Sub 1-GHz is ideal for wireless sensor networking applications, since it penetrates concrete and water, but also has the ability to propagate over very long ranges without requiring a large power draw on a battery. The low input current of typical tag configurations allows operating on coin cell or thin-film batteries.

=== Tag-to-tag communications ===
Unlike most active RFID or LPWAN technologies, DASH7 supports tag-to-tag communications.

=== Localization ===
Localization techniques can be applied to DASH7 endpoints. An accuracy of 1 m using DASH7 beacons at 433 MHz has been achieved in a lab experiment.

=== Integrated query protocol ===
DASH7 supports a built-in query protocol that minimizes "round trips" for most messaging applications that results in lower latency and higher network throughput.

=== Range ===
DASH7 provides a link budget of up to 140 dB with 27 dBm transmission power, which positions the technology as medium-range, compared to short-range (Bluetooth, Wi-Fi, ...) and long-range (LoRaWAN, SigFox). Note that higher ranges are always obtained at the expense of per-bit power consumption and transmission duration. Low-power long-range technologies are generally not truly bi-directional, as the regular scanning duty is pretty high. In this context, DASH7 is a very good compromise between range, power consumption, and bi-directionality and is very suitable for industrial applications with effective range of 100 to 500 m.

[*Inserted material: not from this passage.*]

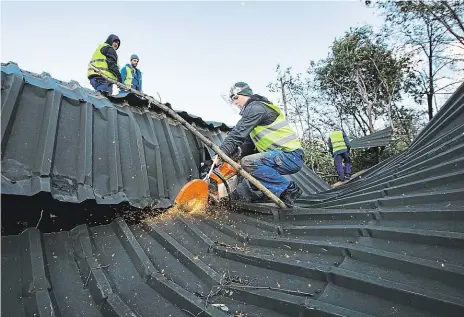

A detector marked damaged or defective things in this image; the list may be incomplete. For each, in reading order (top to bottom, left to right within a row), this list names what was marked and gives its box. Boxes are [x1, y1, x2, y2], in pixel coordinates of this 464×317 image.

damaged roof [1, 62, 332, 210]
damaged roof [1, 63, 462, 314]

In line-of-sight situations, DASH7 devices today advertise read ranges of 1 kilometer or more, however, ranges of up to 10 km have been tested by Savi Technology and are easily achievable in the European Union, where governmental regulations are less constrained than in the USA.

=== Interoperability ===
The DASH7 Alliance is currently working on a certification program that functionally tests the DASH7 devices. The certification is composed of a set of test scenarios covering transactions in different stack configurations (channel, QoS, security). The physical wireless interface is not covered by the certification and will have to comply to local radio regulations.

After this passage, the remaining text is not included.